* [EXERCISE OBJECTIVE]
Only the lines below from the one that holds "The objective of" through the one that holds "Now we talk" should appear in the answer, copied exactly, end lines included and pictures omitted.

INFORMATION section start

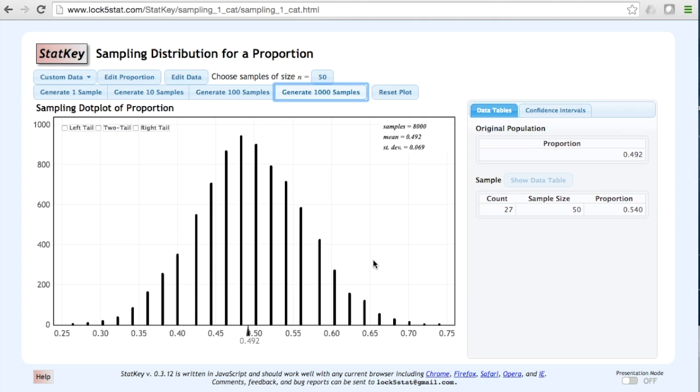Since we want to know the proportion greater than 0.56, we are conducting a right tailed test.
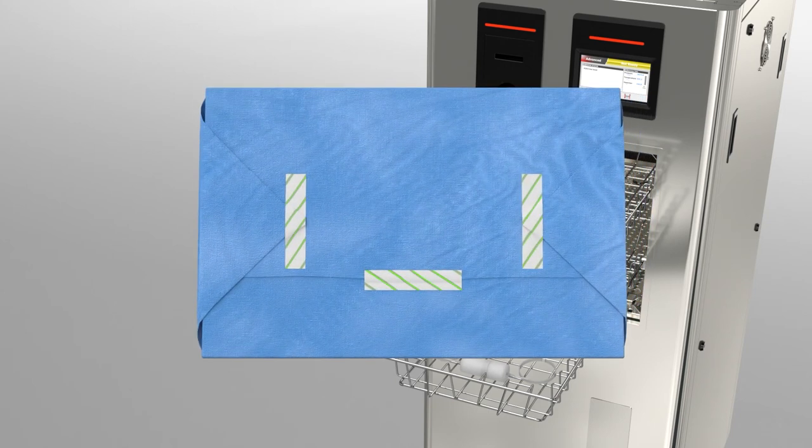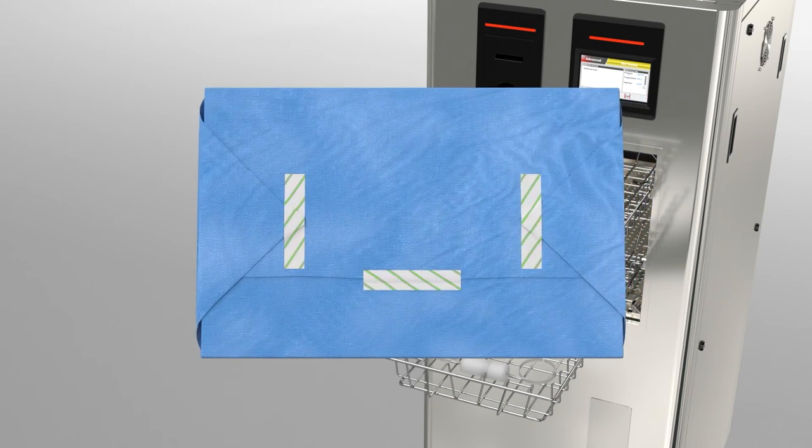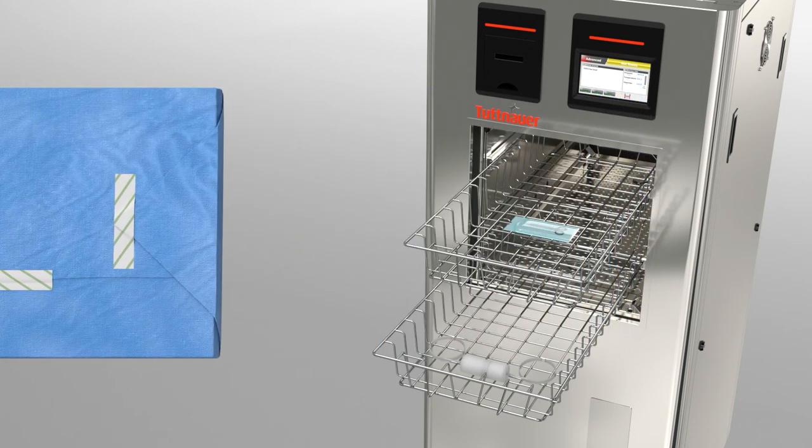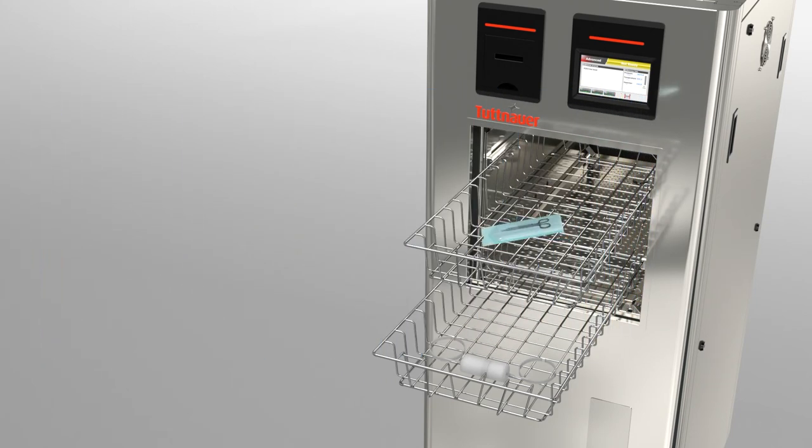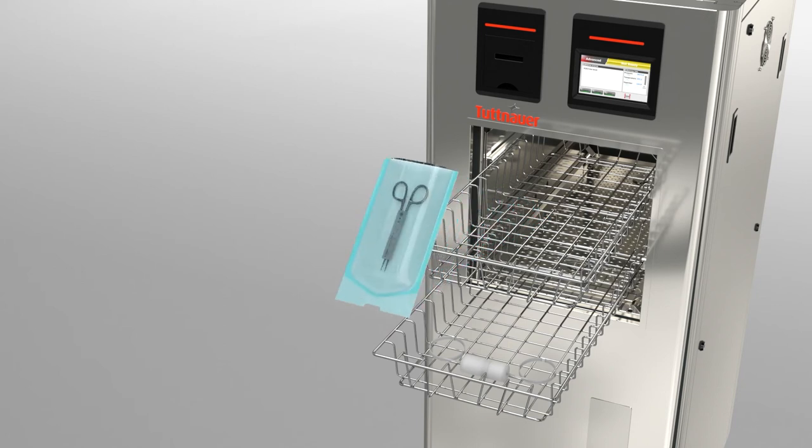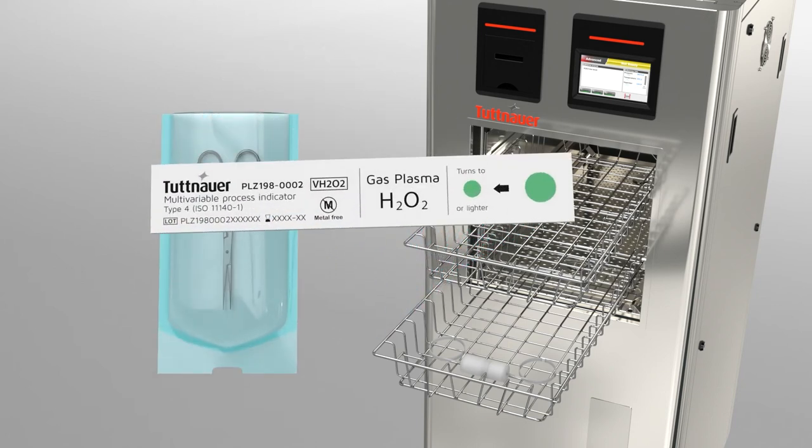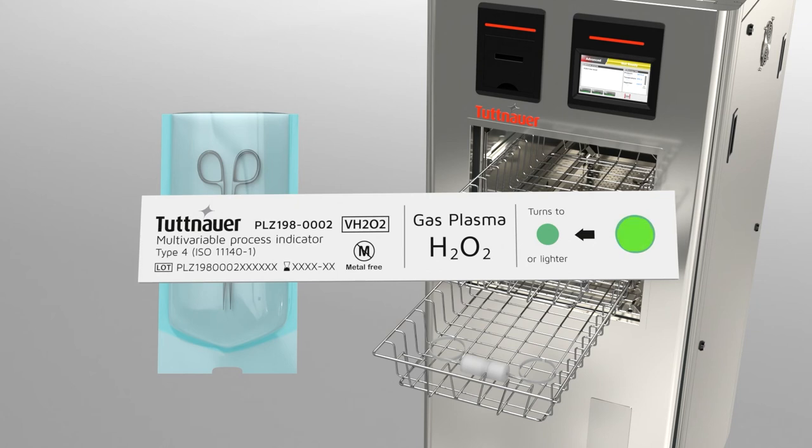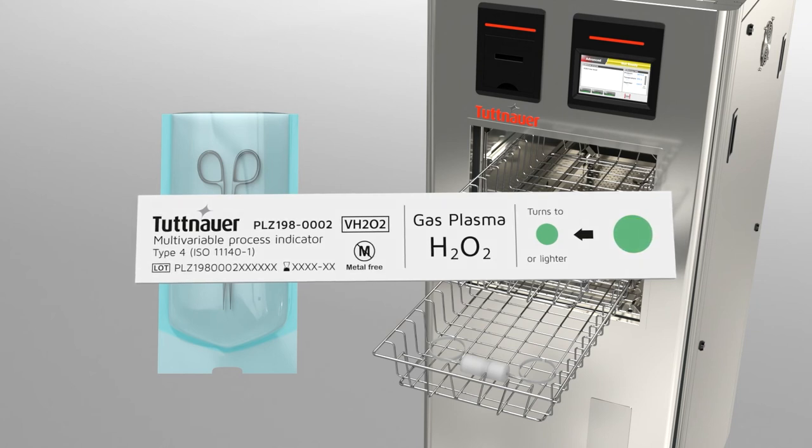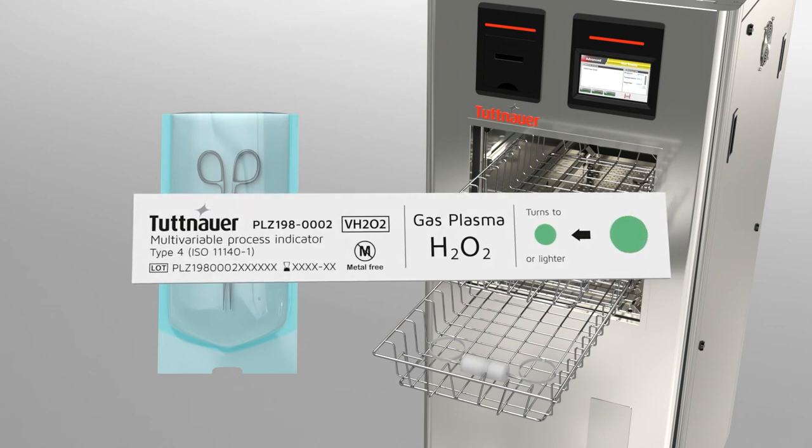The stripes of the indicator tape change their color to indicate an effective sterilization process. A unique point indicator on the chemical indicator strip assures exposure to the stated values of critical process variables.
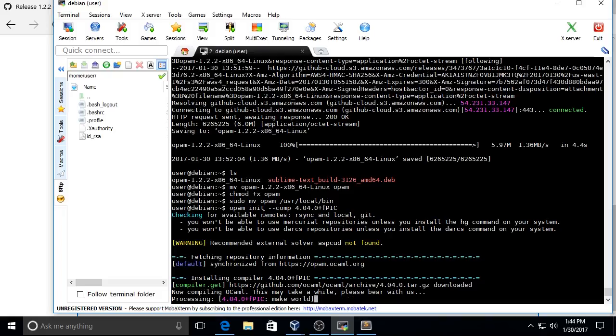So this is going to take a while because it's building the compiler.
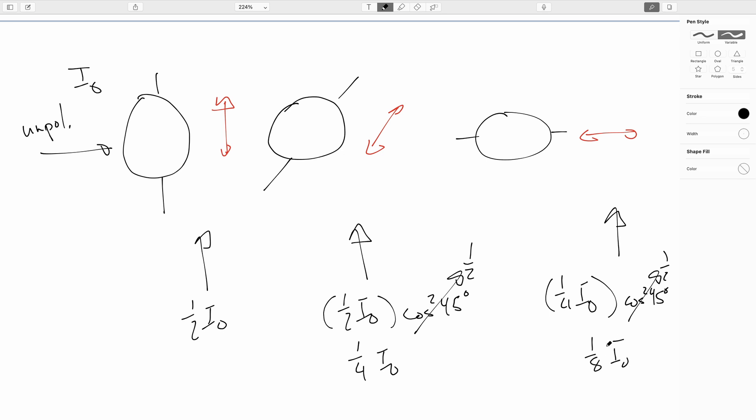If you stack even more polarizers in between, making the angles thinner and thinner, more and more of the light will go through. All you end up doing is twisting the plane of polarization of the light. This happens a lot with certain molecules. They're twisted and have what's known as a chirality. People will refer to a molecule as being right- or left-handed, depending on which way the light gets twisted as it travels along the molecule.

INFORMATION section end
INFORMATION section start

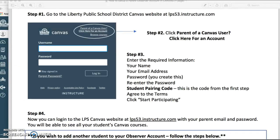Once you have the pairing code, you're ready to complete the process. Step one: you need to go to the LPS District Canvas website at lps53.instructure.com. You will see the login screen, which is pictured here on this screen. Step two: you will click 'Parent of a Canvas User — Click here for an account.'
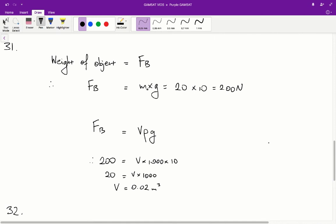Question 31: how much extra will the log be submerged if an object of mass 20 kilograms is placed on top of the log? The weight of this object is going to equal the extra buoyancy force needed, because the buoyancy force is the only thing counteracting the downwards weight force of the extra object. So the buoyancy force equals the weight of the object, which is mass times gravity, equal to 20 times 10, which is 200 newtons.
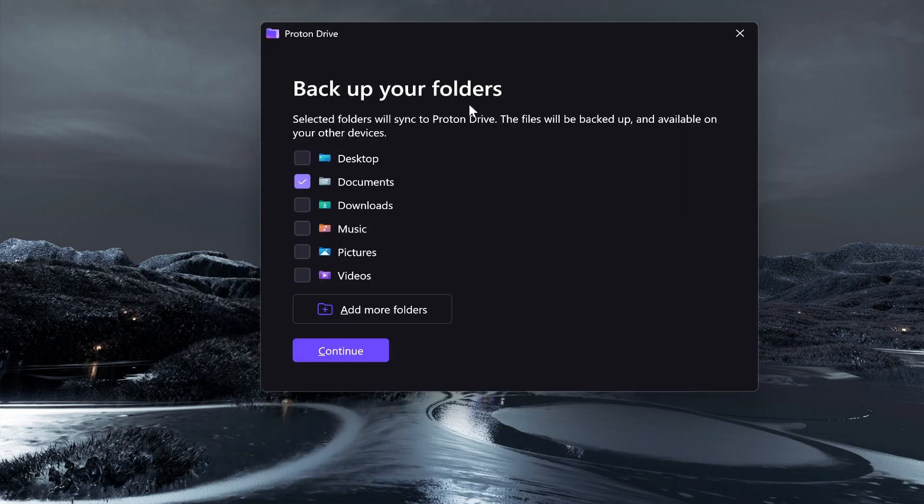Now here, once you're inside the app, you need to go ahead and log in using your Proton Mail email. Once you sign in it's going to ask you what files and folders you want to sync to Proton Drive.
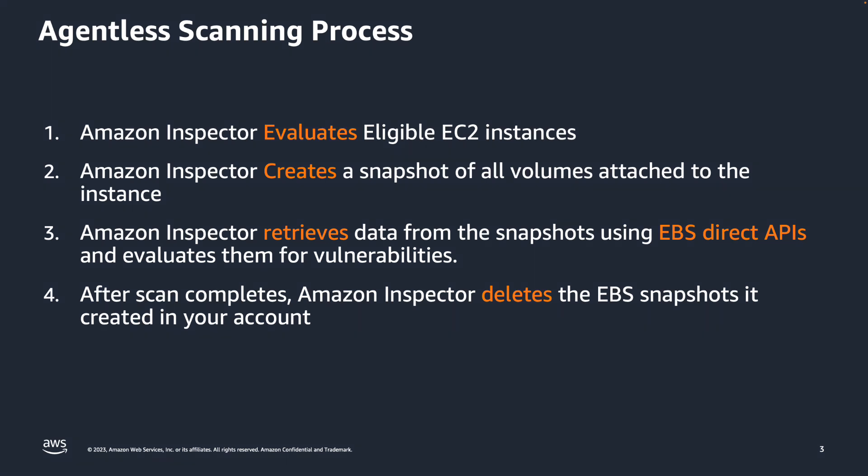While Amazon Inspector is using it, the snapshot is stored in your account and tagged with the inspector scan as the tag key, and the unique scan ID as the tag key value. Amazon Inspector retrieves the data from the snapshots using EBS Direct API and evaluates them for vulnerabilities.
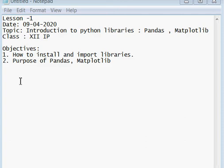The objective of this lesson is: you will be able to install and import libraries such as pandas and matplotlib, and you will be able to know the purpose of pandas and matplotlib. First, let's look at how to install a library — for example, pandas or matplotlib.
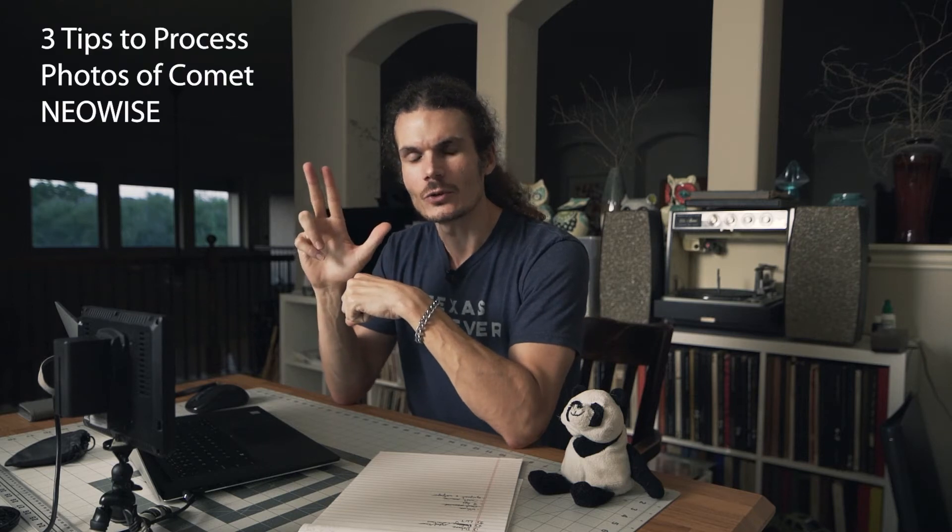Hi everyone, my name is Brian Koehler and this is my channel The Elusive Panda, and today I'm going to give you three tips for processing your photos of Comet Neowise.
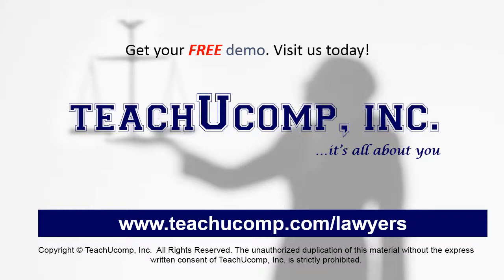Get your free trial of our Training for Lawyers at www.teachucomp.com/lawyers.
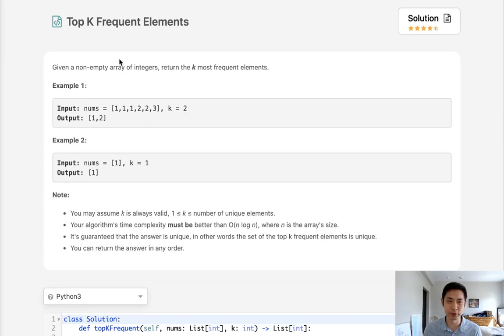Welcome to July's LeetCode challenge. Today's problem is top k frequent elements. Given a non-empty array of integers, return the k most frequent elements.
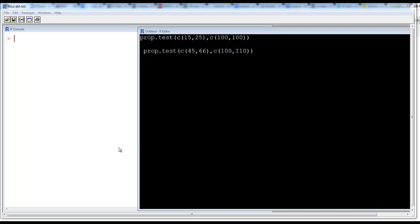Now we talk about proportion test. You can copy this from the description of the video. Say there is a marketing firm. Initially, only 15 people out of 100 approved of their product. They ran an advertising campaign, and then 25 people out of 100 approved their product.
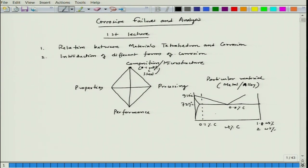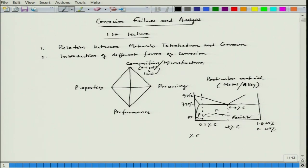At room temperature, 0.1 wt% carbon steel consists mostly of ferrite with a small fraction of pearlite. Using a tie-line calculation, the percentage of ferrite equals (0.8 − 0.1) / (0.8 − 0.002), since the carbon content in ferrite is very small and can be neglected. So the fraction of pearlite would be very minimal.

INFORMATION section end

* [EXERCISE RESPONSE]
The objective of this lesson is: you will be able to install and import libraries such as pandas and matplotlib, and you will be able to know the purpose of pandas and matplotlib. First, let's look at how to install a library — for example, pandas or matplotlib.
Hi everyone, my name is Brian Koehler and this is my channel The Elusive Panda, and today I'm going to give you three tips for processing your photos of Comet Neowise.
Get your free trial of our Training for Lawyers at www.teachucomp.com/lawyers.
Welcome to July's LeetCode challenge. Today's problem is top k frequent elements. Given a non-empty array of integers, return the k most frequent elements.
Now we talk about proportion test. You can copy this from the description of the video. Say there is a marketing firm. Initially, only 15 people out of 100 approved of their product. They ran an advertising campaign, and then 25 people out of 100 approved their product.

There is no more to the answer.